The reactor was restarted on April 4, following restoration of the 1A2 bus, and the generator connected to the grid on April 5. The documents listed in the Attachment were used to accomplish the objectives of the inspection procedure.
b. Findings
No findings of significance were identified.
1R22 Surveillance Testing
a. Inspection Scope
The inspectors reviewed surveillance test activities. Inspection procedure objectives were accomplished as indicated by the documents listed in the Attachment to this inspection report. Surveillance testing activities were reviewed to assess operational readiness and ensure that risk-significant SSCs were capable of performing their intended safety function. Surveillance activities were selected based upon risk significance and the potential risk impact from an unidentified deficiency or performance degradation that a SSC could impose on the unit if the condition were left unresolved.

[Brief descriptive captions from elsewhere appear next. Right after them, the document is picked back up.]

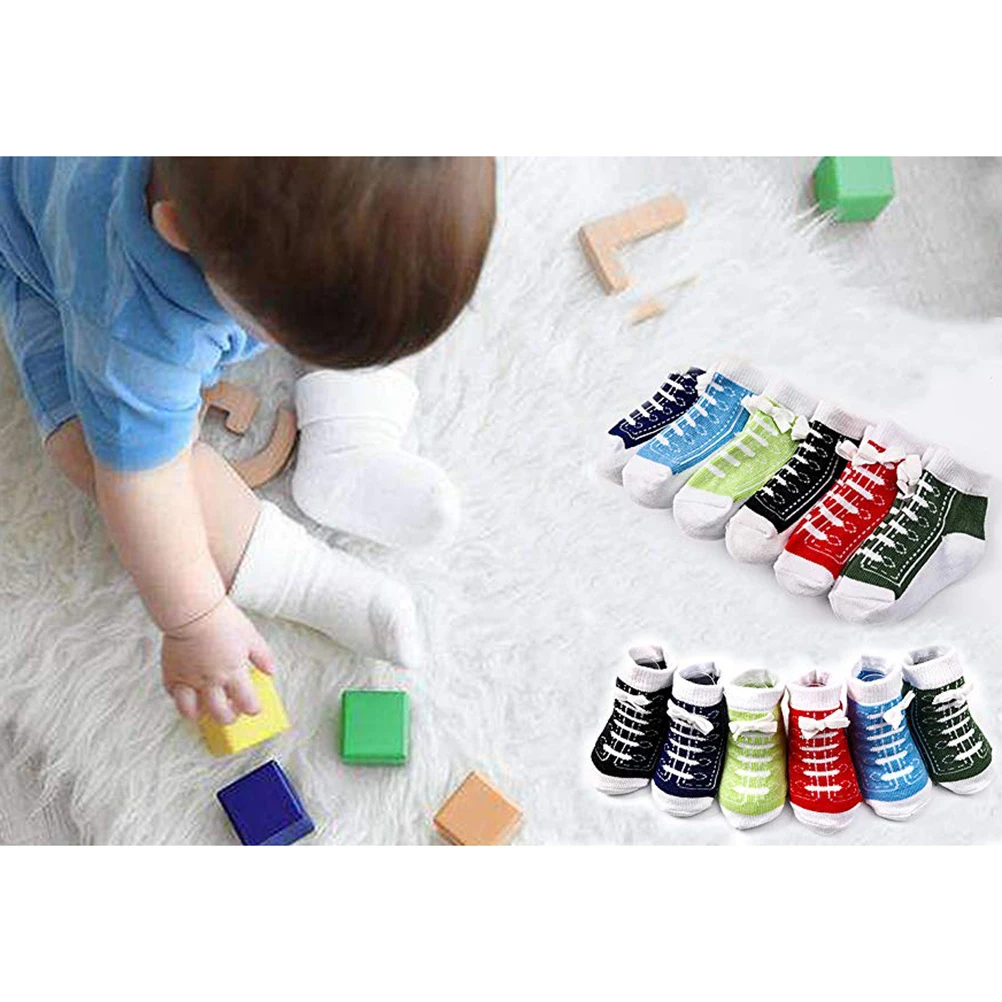 6 пар детские Нескользящие кроссовки носки| |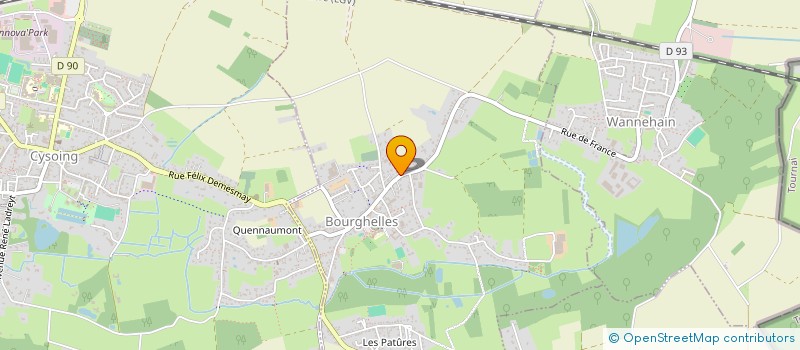 localisation de l'entreprise APPT BOURGHELLES  BOURGHELLES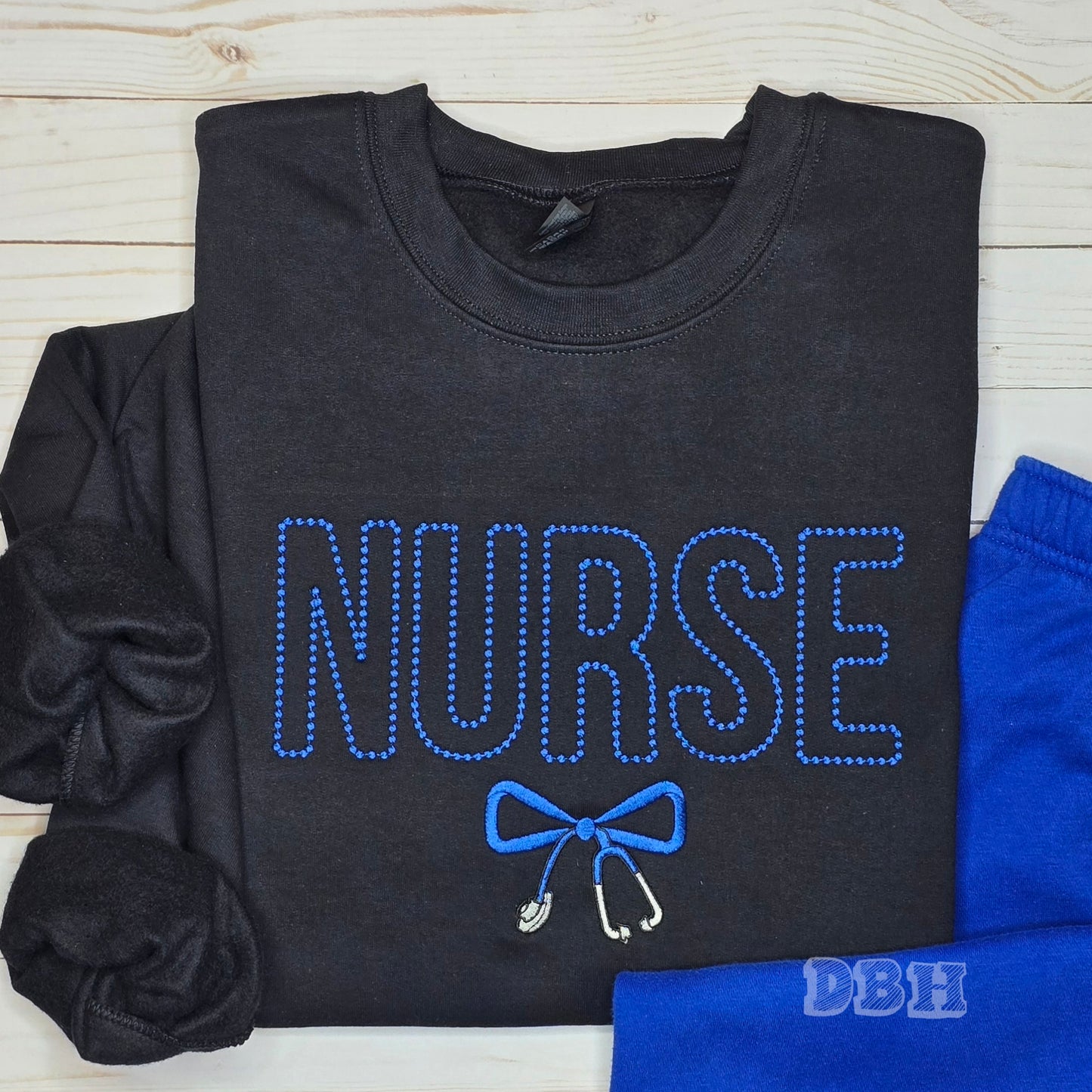 Dotted Nurse + Stethoscope - WS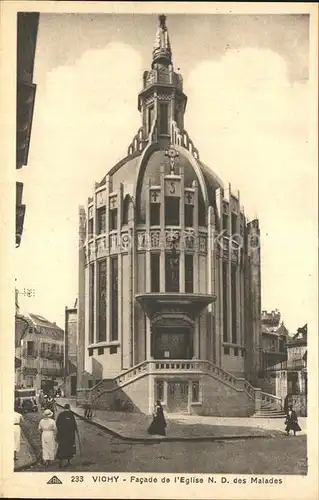 Vichy Allier Facade de l Eglise Notre Dame des Malades Kat. Vichy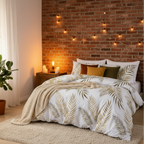 Leaf Print Soft Duvet Cover Set - Euroselle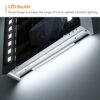 Quavikey® Bathroom Mirror Cabinet with Lights and Shaver Socket LED Illuminated Cabinet Wall Mounted with Shelf and Anti Fog Cubes Light 650 x 60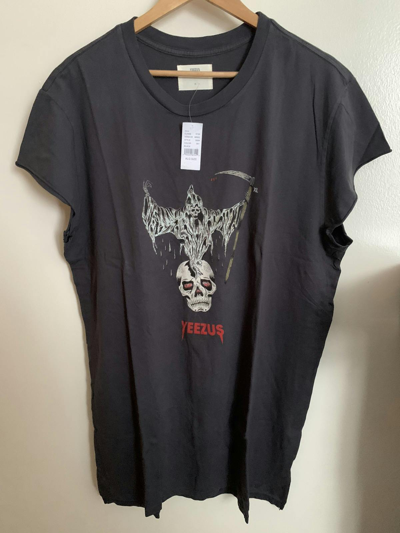 Pre-owned Kanye West New W/ Tags Yeezus Tour Reaper T-shirt Xl In Black
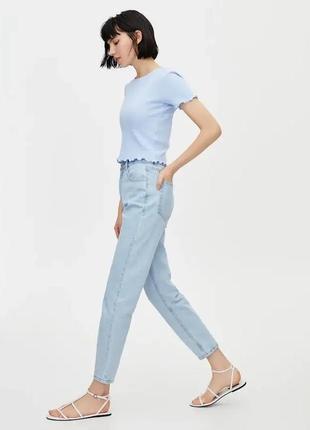 Джинси mom jeans pull&bear3 фото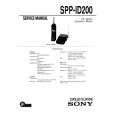 SONY SPPID200 Manual de Servicio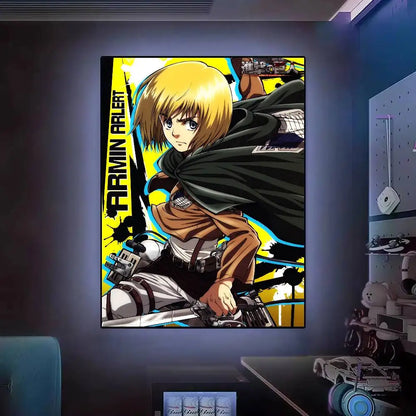 Wall Art Print Poster Japanese Art Exhibition Decorative Painting Modern Home Decor Gift Unframed Pop Anime Attack On Titan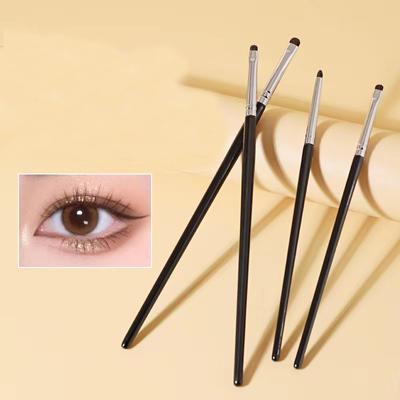 4Pcs Fine Eyeshadow Brushes Smudge Precision Eyeliner Smudge Makeup Brush Eyelid Highlighter Lying Silkworm Makeup Brushes Tools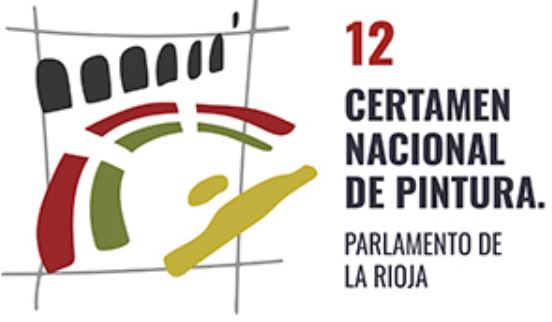 Logo del 12º Certamen Nacional de Pintura del Parlamento de La Rioja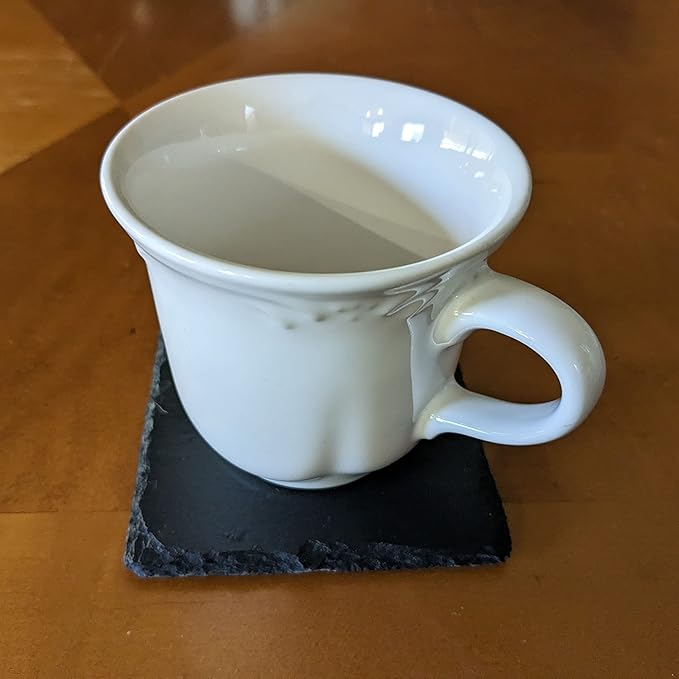 Rev Up Your Ride: V-Twin Engine Coasters for Bikers - Square Slate - Set of 5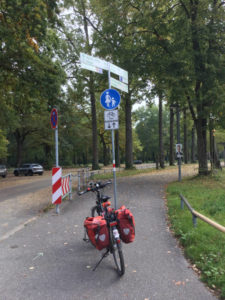 Rheinstrandbad Rappenwört - Karlsruhe-Daxlanden. Start meiner Radtour am Rhein.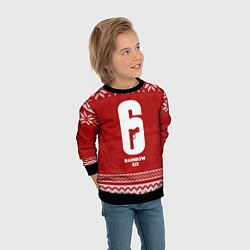 Свитшот детский Новогодний Rainbow Six, цвет: 3D-черный — фото 2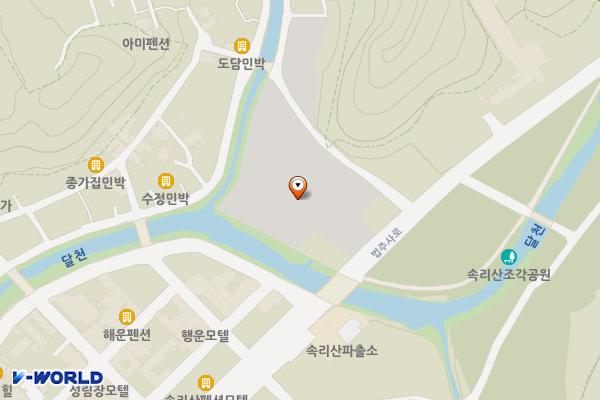 충북 보은 속리산법주사 위치 지도 — 충청북도 보은군 속리산면 법주사로 287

Inspection activities included, but were not limited to, a review for preconditioning, integration of testing activities, applicability of acceptance criteria, test equipment calibration and control, procedural use, control of temporary modifications or jumpers required for test performance, documentation of test data, TS applicability, impact of testing relative to Performance Indicator (PI) reporting, and evaluation of test data.
The inspectors selected the following surveillance testing activities for review for a total of six samples:
- STP NS930001, Main Turbine Operational Tests (routine);
- STP 3.1.7-01, Standby Liquid Control Operability Test (inservice testing);
- STP 3.3.3.2-04, Remote Shutdown Panel Functional test for RHR (routine); and
- STP 3.3.1.1-34, Recirculation Flow Unit Calibration (routine).
b. Findings
No findings of significance were identified.
1R23 Temporary Plant Modifications
a. Inspection Scope
Temporary modifications were reviewed to assess the modifications impact on the safety function of the associated systems. The documents listed in the Attachment were used to accomplish the objectives of the inspection procedure. Inspection activities included, but were not limited to, a review of design documents, safety screening documents, UFSAR, and applicable TSs to determine that the temporary modification was consistent with modification documents, drawings and procedures.
Inspectors also reviewed the post-installation test results to confirm that tests were satisfactory and the actual impact of the temporary modification on the permanent system and interfacing systems were adequately verified.
The inspectors selected the following temporary modifications for review for a total of three samples:
- Manual Calculation of Feedwater Correction Factor;
- Raised Setpoint For Main Turbine Hi Vibration Alarm; and
- Leak Repair for the Number Seven Stud of the A Reactor Feed Pump.
b. Findings
No findings of significance were identified.
1EP6 Drill Evaluation
.1 Simulator Based Training Evolution
a. Inspection Scope
The inspectors observed simulator based training evolutions on June 11 and June 18.
The training simulated a loss of both essential electrical busses followed by a small break loss of coolant accident inside the drywell containment.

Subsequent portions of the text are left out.